Technology also helps. According to the sales-enablement platform, Highspot, over 75 percent of companies using sales-enablement tools indicated that sales increased over 12 months.

“Sales enablement makes it easy for salespeople to sell by ensuring they have marketing materials and tools to help close sales,” Taylor said.

Didner sees the concept as a combination.

“Sales enablement traditionally is defined as onboarding and training,” she said. “I expanded the definition to ‘Deliver a positive customer experience by equipping sales with knowledge, skills, processes and tools through collaboration to increase sales productivity.’

“I included ‘Deliver a positive customer experience…’ as part of the definition,” Didner said. “This is crucial in a digital-first marketing environment.
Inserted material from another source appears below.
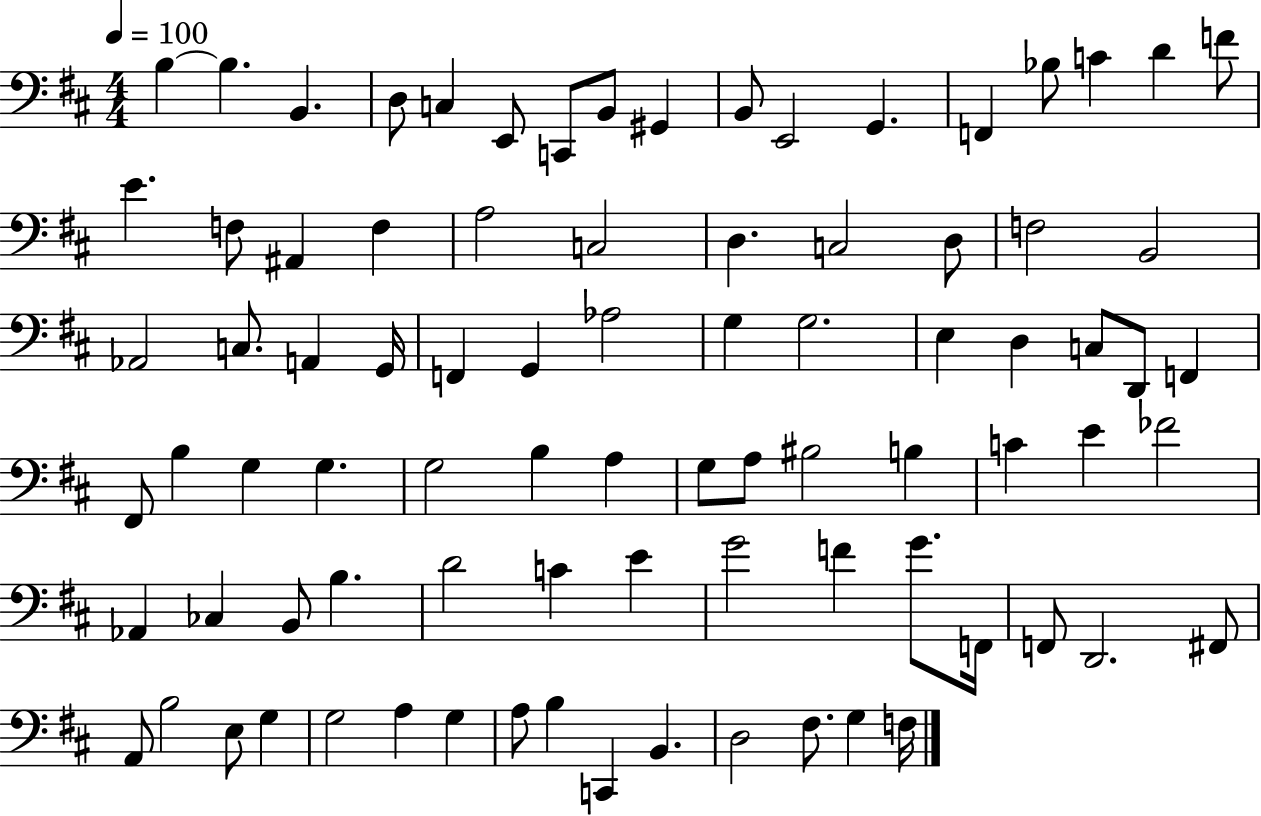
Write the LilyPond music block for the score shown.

It’s important to add the customer to the sales-enablement definition. Without customers, there are no sales.”

According to marketing software and consulting services company, Kapost, 65 percent of sales reps say they can’t find content to send to prospects. This is the most common complaint cited by sales teams, which is another element of sales enablement.

“That’s important because sales enablement’s function is to make it easy for salespeople to sell and buyers to buy,” Taylor said.

“Sales enablement is about making sales to be successful,” Didner said. “If equipped with proper knowledge and necessary tools and processes, salespeople can focus on what they are doing the best: selling.”

To understand sales challenges and connect the dots, Didner has a free eBook, “A Quick and Easy Framework for Marketers to Enable Sales.”

“You don’t need to have a sales team,” Taylor said. “What you need for sales enablement is content that makes selling effortless. Then buying is easy.”

While she sees sales enablement as a process — traditionally requiring salespeople — Ignjatovic contends that today businesses can have a chatbot.

“Every company does sales enablement differently,” Didner said. “Some have a team. Some embed the works into different groups such as product marketing, business units and marketing.

“You need to work on your support models based on how your company is structured,” she said.

“Sales enablement is primarily used by enterprise organizations,” Taylor said. “However, every small business can create content that helps salespeople sell.”

Part of the problem for adoption is terminology.

“Sales enablement sounds complex — and it is — but it doesn’t have to be,” Ignjatovic said. “It’s a process that even small business can use with some customer relationship management tools.”

Learning is a big component for success.

“Sales enablement should equip sales team with knowledge, tools and processes,” Didner said. “That can be sales operations, marketing, human resources training or even a product team. If you have any of these functions in your companies — regardless the size of a company — you can enable sales.

“Small businesses also can enable their sales teams,” she said. “You create your own version based on your budget, processes and organizational structure. In the end, everyone chips in and help to make the sales team successful.”

There are many advantages of using sales enablement in business.

“The most important is that it’s a very effective way to stay in touch with the prospect and leads,” Ignjatovic said.

Taylor believes that with sales enablement, the sales cycle could become shorter.

Didner listed sales enablement’s key advantages:

  • Deliver a positive customer experience.
  • Make your sales team successful.
  • Grow your business.
  • Enhance collaboration among different functions.
  • Integrate sales and marketing

Marketing elements can be used to drive sales conversions, engagements and further sales negotiations. Didner’s entire book, “Effective Sales Enablement: Achieve sales growth through collaborative sales and marketing,” is available on Amazon.